Bonjour mon bon bien-aimé, bonjour mon cher adoré. J’espérais que le MARDI-GRAS me serait plus favorable que les autres jours mais c’est toujours la même chose. Cependant j’espère encore que tout n’est pas perdu. Nous avons encore la nuit du MARDI-GRAS au MERCREDI DES CENDRES qui est le vrai jour de fête, le vrai jour anniversaire du bonheur de toute ma vie [1]. Je suis si dévote à ce souvenir que ce serait un chagrin affreux pour moi si tu y manquais. Mais je suis sûre que tu viendras, n’est-ce pas mon amour adoré ? Baise-moi mon cher bijou, je t’aime. Depuis neuf ans que je te dis ce mot-là il n’a pas vieilli dans ma bouche, pas plus que le sentiment qu’il exprime dans mon âme. Je t’aime comme le premier jour, mon Toto adoré, et de tous les amours à la fois. J’attends cette nuit avec impatience. Je donnerais un an de ma vie pour être à cette nuit. Quel BONHEUR !!!!!!!!!!!!!!!!!!!!!!!aEncore autant d’heures que nous comptons d’années de bonheur et je serai la plus heureuse des femmes. Sois béni mon Toto, sois heureux dans tous ceux que tu aimes mon adoré. C’est le vœu le plus sincère de celle qui t’aime plus que la vie.

Juliette

BNF, mss, NAF 16348, f. 127-128
Transcription de Nicole Savy

a) Deux points d’exclamation, plus une ligne entière en contenant vingt-deux.

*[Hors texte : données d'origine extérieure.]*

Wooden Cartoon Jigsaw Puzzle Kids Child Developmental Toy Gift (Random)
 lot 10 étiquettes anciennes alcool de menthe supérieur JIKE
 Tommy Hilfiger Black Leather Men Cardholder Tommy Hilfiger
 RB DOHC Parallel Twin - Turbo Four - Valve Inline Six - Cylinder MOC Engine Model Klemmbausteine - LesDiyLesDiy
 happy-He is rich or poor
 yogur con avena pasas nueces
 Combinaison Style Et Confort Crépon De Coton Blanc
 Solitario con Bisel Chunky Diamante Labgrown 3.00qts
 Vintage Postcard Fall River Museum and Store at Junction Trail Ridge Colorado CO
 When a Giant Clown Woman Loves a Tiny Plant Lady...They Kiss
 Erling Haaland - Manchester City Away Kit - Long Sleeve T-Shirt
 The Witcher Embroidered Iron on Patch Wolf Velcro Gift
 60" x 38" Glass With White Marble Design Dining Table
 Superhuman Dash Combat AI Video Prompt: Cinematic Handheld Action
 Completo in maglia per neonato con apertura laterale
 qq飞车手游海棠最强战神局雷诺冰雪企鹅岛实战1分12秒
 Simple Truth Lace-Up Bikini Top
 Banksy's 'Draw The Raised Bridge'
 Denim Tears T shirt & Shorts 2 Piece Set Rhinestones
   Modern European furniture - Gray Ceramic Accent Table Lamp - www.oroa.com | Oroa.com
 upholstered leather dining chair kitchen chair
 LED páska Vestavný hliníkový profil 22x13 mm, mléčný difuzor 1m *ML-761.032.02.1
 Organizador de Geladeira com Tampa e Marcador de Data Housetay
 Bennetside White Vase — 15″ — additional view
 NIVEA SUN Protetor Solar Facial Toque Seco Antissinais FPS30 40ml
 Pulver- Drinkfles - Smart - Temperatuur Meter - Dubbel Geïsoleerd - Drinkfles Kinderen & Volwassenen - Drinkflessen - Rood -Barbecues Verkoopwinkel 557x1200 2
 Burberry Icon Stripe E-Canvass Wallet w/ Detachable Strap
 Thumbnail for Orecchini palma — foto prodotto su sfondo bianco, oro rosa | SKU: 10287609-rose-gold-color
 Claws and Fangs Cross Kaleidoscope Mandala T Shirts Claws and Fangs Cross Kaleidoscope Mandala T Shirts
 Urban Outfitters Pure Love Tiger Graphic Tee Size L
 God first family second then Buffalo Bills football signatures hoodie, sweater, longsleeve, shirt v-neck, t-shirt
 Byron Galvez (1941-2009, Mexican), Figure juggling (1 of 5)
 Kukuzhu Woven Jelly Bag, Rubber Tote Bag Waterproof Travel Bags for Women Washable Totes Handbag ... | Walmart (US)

8 février [1842], mardi gras soir, 4 h.

Quelle belle journée mon amour et probablement aussi QUELLE BELLE NUIT si, comme je le désire et je l’espère, tu la passesa auprès de moi. Je t’aime mon Victor adoré, je t’aime de tout mon cœur et de toute mon âme. Viens vite. Je suis seule, j’ai envoyé ma servante porter la lampe chez Carcel [2] pour lui donner en même temps l’occasion de voir les masques, s’il y en a. Moi je les vois à domicile, car les petites Besancenot m’ont amené leur petit Jonas déguisé en Alsacienne. Vous voyez mon amour que je n’ai pas besoin de me déranger pour voir des chiants-lits [3], vous en savez quelque chose personnellement parlant.
Je vous dirai aussi que pendant que je faisais ma toilette dans mon cabinet, Jacquot qui était sur la barre de la croisée de ma chambre est tombé dans la rue, par le bruit d’une détonation d’un fusil ou d’un simple pétard, et que c’est une passante qui me l’a rapporté sur son doigt, tout penaud et tout tremblant. Et qu’il n’avait pas la moindre envie de mordre, fort heureusement pour l’obligeante passante qui l’avait ramassé et qui me le rapportait, car je ne m’étais pas aperçue de la chose et les chiens, les chats ou les filous auraient très bien pu en faire leur mardi-gras. Enfin tant de Coco de tué que de blessé [4], il n’y a personne de mort.
Et je vous attends plus que jamais, le cœur plein d’amour et d’adoration.

Juliette

BNF, mss, NAF 16348, f. 129-130 [5]
Transcription de Nicole Savy

a) « passe ».

Notes

[1Juliette célèbre l’anniversaire de leur deuxième nuit d’amour, celle du mardi-gras, le 19 février 1833.

[2Boutique et marque au nom de l’inventeur d’une lampe à huile.

[3On conserve l’orthographe, intentionnelle ou pas, de Juliette. Le chienlit est un masque grotesque du carnaval, accusé de souiller ses draps…

[4Expression à élucider.

[5Pagination inversée par erreur, 130-129.